S. Gabriel apparaissant à S. Zacharie dans le Temple de Jérusalem.

Zacharie hésitant à cause de la grandeur de telles promesses, demande un signe pour pouvoir y ajouter foi, alors que la seule vue ou les paroles d’un Ange devaient lui suffire comme signe. Aussi subit-il la peine méritée par sa défiance, en devenant muet. Le silence même qui lui est imposé devient pour lui, et le signe qu’il a demandé pour croire, et la juste peine de son infidélité. Il faut comprendre que si de telles promesses avaient été formulées par un homme, Zacharie eût pu, sans s’attirer aucun châtiment, réclamer un signe ; mais, quand un Ange promet, il ne convient pas de douter. Gabriel accorde le signe sollicité, en sorte que celui qui a parlé pour émettre un doute apprend maintenant à croire en se taisant. On doit remarquer ici ce que l’Écriture atteste, à savoir que cet Ange se tient devant Dieu et aussi qu’il est envoyé porter la bonne nouvelle à Zacharie ; semblablement, quand les Anges viennent à nous, ils remplissent ainsi un ministère extérieur, sans cependant jamais interrompre leur contemplation intérieure. Ils sont envoyés et ils restent présents devant Dieu car si un esprit angélique n’est point infini, l’Esprit suprême qui est Dieu n’a point de bornes. Les Anges se trouvent donc devant lui, quand même ils sont envoyés, car quel que soit le lieu où ils remplissent une mission, ils se meuvent en lui".

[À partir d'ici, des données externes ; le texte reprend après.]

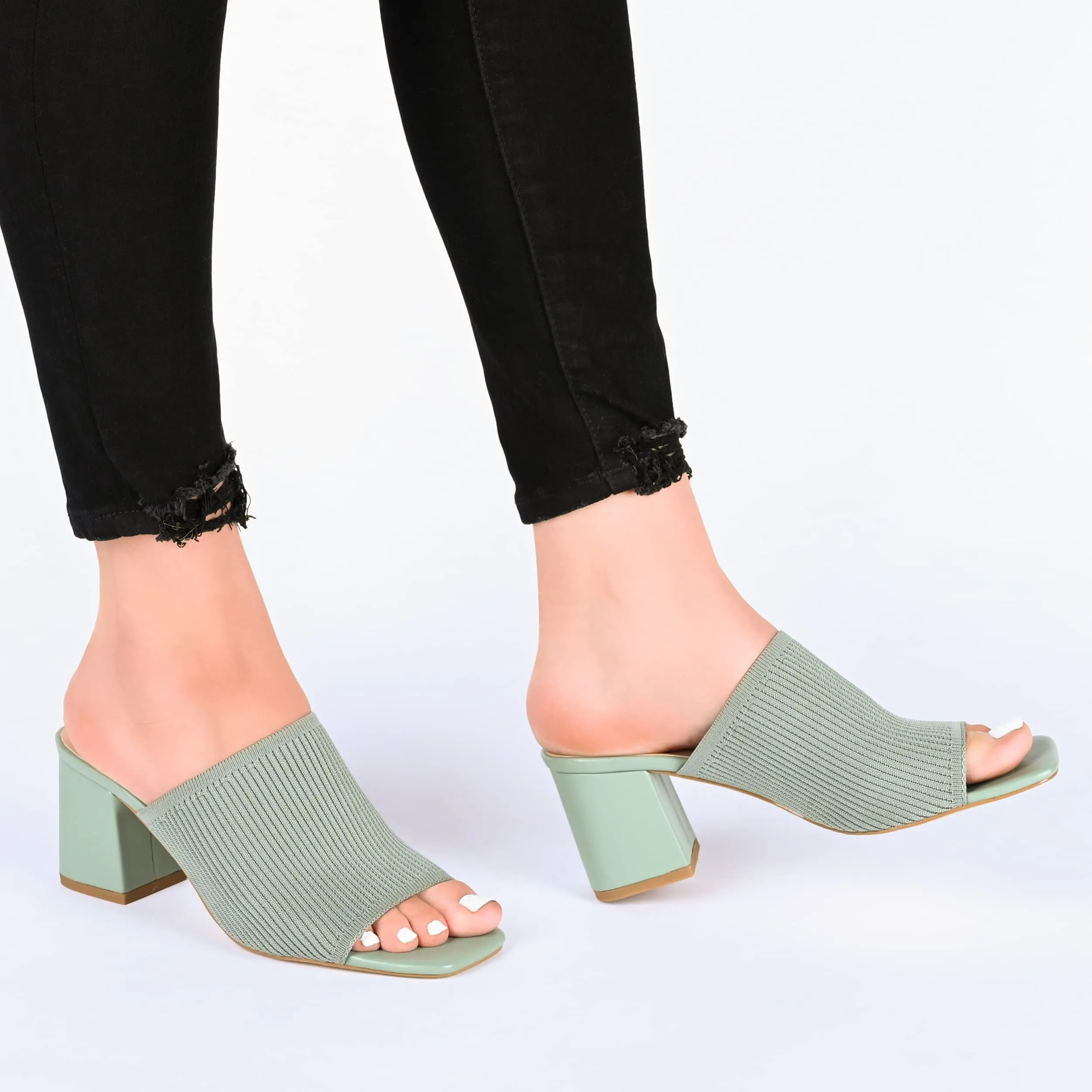 Journee Square Open Toe Chunky Block Heel Knit Slip-On Pump for Women - Lorenna Heeled Fashion Mule Black 9.5 Medium Womens US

Homélie de saint Bernard sur l'Evangile selon saint Luc. Chap. 1, 26-38 : "En ce temps-là : l'Ange Gabriel fut envoyé de Dieu dans une ville de Galilée, appelée Nazareth, auprès d'une vierge fiancée à un homme de la maison de David, nommé Joseph ; et le nom de la vierge était Marie".

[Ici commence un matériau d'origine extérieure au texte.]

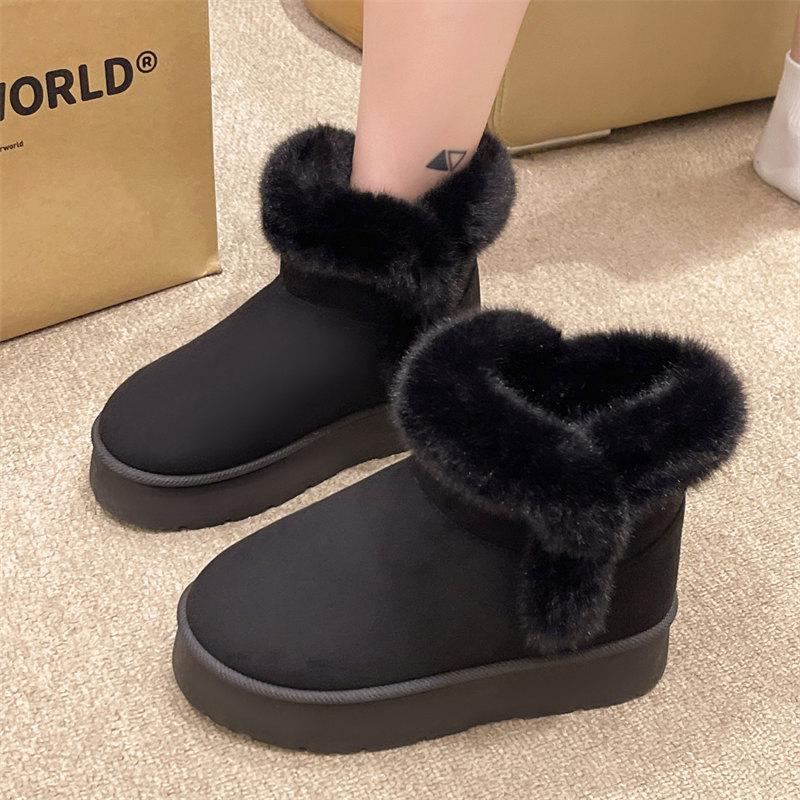 Fashion Classic Fur Boots For Women Winter New Snow Boots Outdoor Fashion Warm Plush Ankle Boots Women Thick Sole Padded Boots 2024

"Je ne pense pas qu’il soit ici question d’un de ces Anges de moindre dignité, qui viennent souvent sur la terre y remplir une mission pour un motif quelconque. Le contraire est donné clairement à entendre par son nom que l’on dit signifier Force de Dieu, et se conclut aussi de cette particularité rapportée qu’il est envoyé, non par quelque autre esprit, probablement supérieur, comme cela a lieu d’ordinaire, mais par Dieu même. C’est donc sans doute pour attirer notre attention sur la dignité de l’envoyé céleste qu’ont été mis ces mots : De Dieu. Ou bien il a été dit, de Dieu, pour qu’il ne nous semble pas que Dieu, avant de révéler son dessein à la Vierge, en ait fait part à un des esprits bienheureux qu’à l’Archange Gabriel qui seul entre ses compagnons de gloire fut jugé digne de porter un tel nom et un tel message.

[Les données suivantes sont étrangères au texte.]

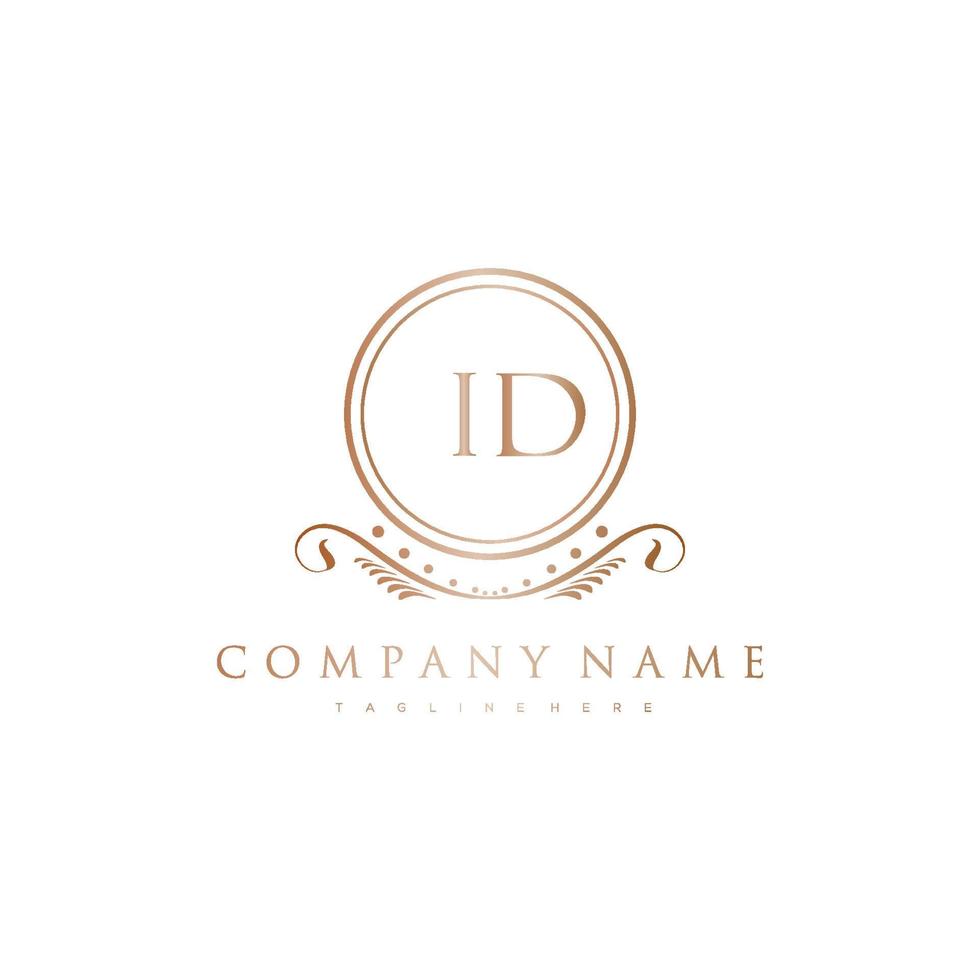 ID Letter Initial with Royal Luxury Logo Template vector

Le nom s’harmonise bien avec le message. Par qui convenait-il mieux que fut annoncé le Christ, vertu de Dieu, que par cet ange qui a l’honneur d’avoir avec lui une similitude de nom ? Et la force, qu’est-elle sinon la vertu ? N’allez pas croire qu’il n’était, ni digne ni convenable que le Maître et l’envoyé portassent un nom analogue, car si tous deux s’appellent de même, cette appellation "semblable n’a cependant pas une raison d’être commune de part et d’autre. En effet c’est sous des rapports différents que le Christ et l’Ange sont nommés force ou vertu de Dieu : l’Ange ne l’est que nominalement, mais le Christ l’est substantiellement.

Le Christ est appelé et est en effet la vertu de Dieu ; il est ce plus fort qui survient et, de son bras puissant, terrasse le fort armé qui jusque-là avait gardé sa maison en paix, et lui enlève ainsi les dépouilles de la captivité. Quant à l’Ange, s’il est appelé la force de Dieu, c’est, ou parce qu’il a pour office d’annoncer la venue de cette force elle-même, ou bien parce qu’il devait rassurer une vierge naturellement timide, simple et pudique, que la nouvelle du miracle qui devait s’accomplir en elle allait troubler. « Ne craignez pas, Marie, lui dit-il, vous avez trouvé grâce devant Dieu ». Ce n’est donc pas sans motif que Gabriel est choisi pour ce message, ou plutôt parce qu’il a reçu cette mission, il est désigné à bon droit sous un tel nom".